Snowplow Architecture
Architecture Decisions
- Terraform - I customized the Collector and Iglu terraform modules so there was one ALB for all patrick-cloud.com traffic. Also, I ran Nginx on the server to allow ssl traffic from the ALB to the EC2 via self-signed certificates. Nginx listens on port 443(also 80 but redirects traffic to 443) and forwards the traffic to 0.0.0.0:8080 which the Snowplow application is listening on.
- Security - All EC2's are in private subnets so only access to them is through the ALB. Kinesis, SQS, SNS, Cloudwatch and Secrets Manager are all encrypted with a CMK for fine grain IAM. SQS and Kinesis have access policies defined for further IAM.
- Metrics Collecting - Prometheus scrapes metrics from the Collector application I exposed on port 8125.
- Monitoring - Each application is sending logs to Cloudwatch.
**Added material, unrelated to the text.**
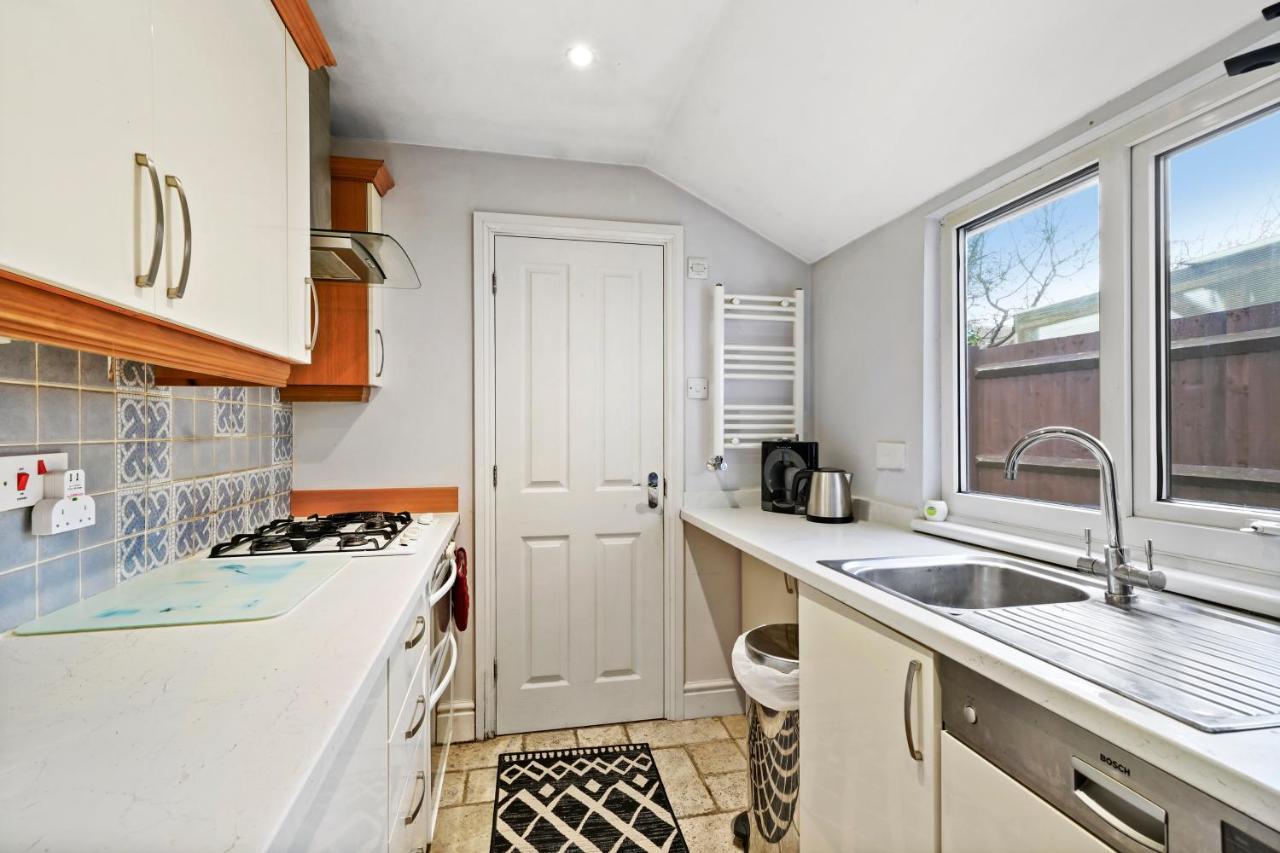Comfortable 2 Bedroom Property, Μέιντστοουν Εξωτερικό φωτογραφία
A Cloudwatch Metric Filter is set up on each log group to look for the pattern 'ERROR' with an attached Cloudwatch Alarm that will send an email when triggered.
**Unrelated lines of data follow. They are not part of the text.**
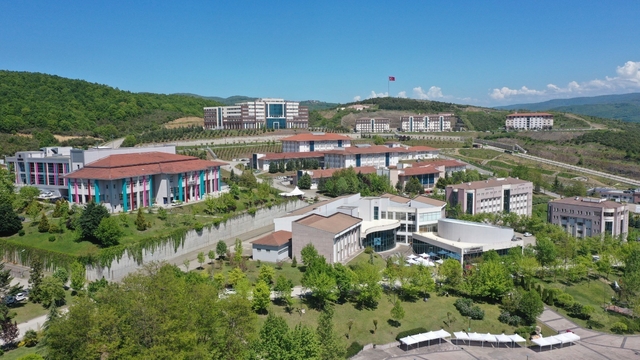 Eğitim Fakültesi mezunlarından 2026 AGS'de gurur veren başarı
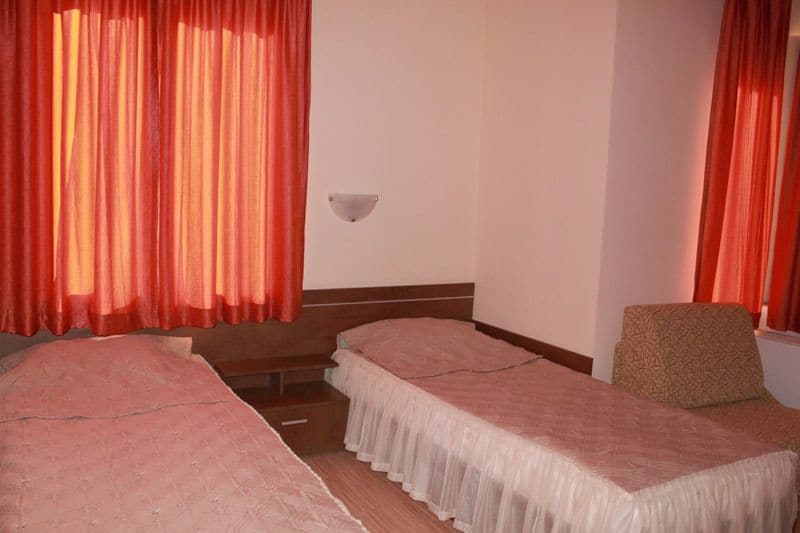 Hotel Alafrangite
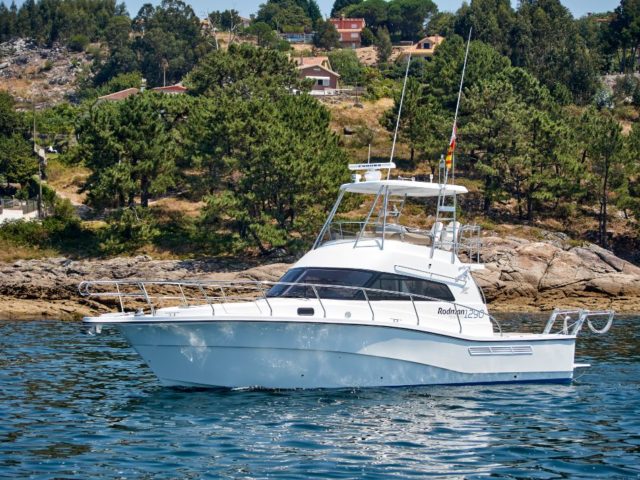 bateau moteur gamme Rodman Evolution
- Alarms - The standard AWS alarms are applied to EC2, Kinesis, SQS, SNS and RDS. These alarms will also send an email when triggered.
- EC2 - Error log detection, High CPU, Low CPU
- Kinesis - Put records success rate, Get records success rate, Age of message in stream
- SQS - Age of oldest message, Number of messages visisble, number of messages invisible
- S3 - 4XX errors, 5XX errors
- Loader - Data is loaded into the Databricks warehouse where DBT is set up to run and process the event data. A Dashboard is produced below based on a Databricks notebook.

Consoles
- Snoplow Collector EC2 - Nginx directs traffic to index.html
- Snoplow Iglu EC2 - Nginx directs traffic to index.html
Event Customization
I created a custom snowplow event "Sample Input" that reads data from an input from the text box below. I had to add a custom schema to my Iglu Registry so the event could be validated.
Events Tracked
The following events are collected by the JavaScript Tracker.
- Page Views
- Activity(Page pings)
- Sessions
- Link clicks
- Forms
- Browser
- Geo Location
- Client Hints
- Sample Input - Custom metric I created to track input into the message box.
Enrichments
- UA parser - This enrichment uses the ua-parser library to parse the user agent and provide information about the user's device.
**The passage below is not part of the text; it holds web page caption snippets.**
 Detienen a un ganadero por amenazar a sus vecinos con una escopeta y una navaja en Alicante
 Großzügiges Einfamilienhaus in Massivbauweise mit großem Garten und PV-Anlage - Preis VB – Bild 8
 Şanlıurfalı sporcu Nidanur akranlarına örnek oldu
- YAUAA - It uses YAUAA API to parse and analyze all user agent information of an HTTP request and extract as many relevant information as possible about the user's device and browser, like for instance the device class (Phone, Tablet, etc.).
- Event fingerprint - This enrichment computes the fingerprint of an event using the query string parameters.
- Campaign attribution - This enrichment can be used to link events to marketing campaigns, using the query string parameters.
- Referer parser - This enrichment uses snowplow referer-parser library to extract attribution data from referer URLs.